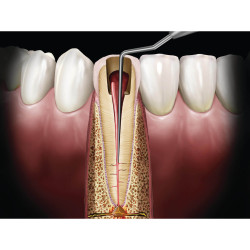 #GP1 SE Root Canal Spreader, Black Line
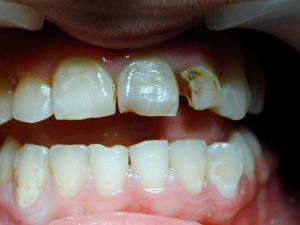 кариес переднего зуба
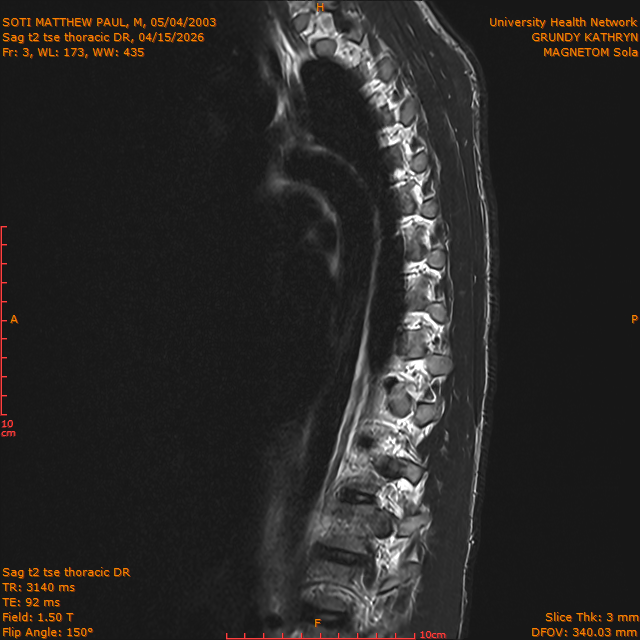2026-04-15/Entire Spine/Sag t2 tse Thoracic DR/0004-IM307.png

◆ What to work on:
Copy exactly, and copy only, the lines from the one bearing "кариес переднего зуба" through the closing line of the material, with both ends kept and pictures removed.

◆ Solution to the problem:
 кариес переднего зуба
2026-04-15/Entire Spine/Sag t2 tse Thoracic DR/0004-IM307.png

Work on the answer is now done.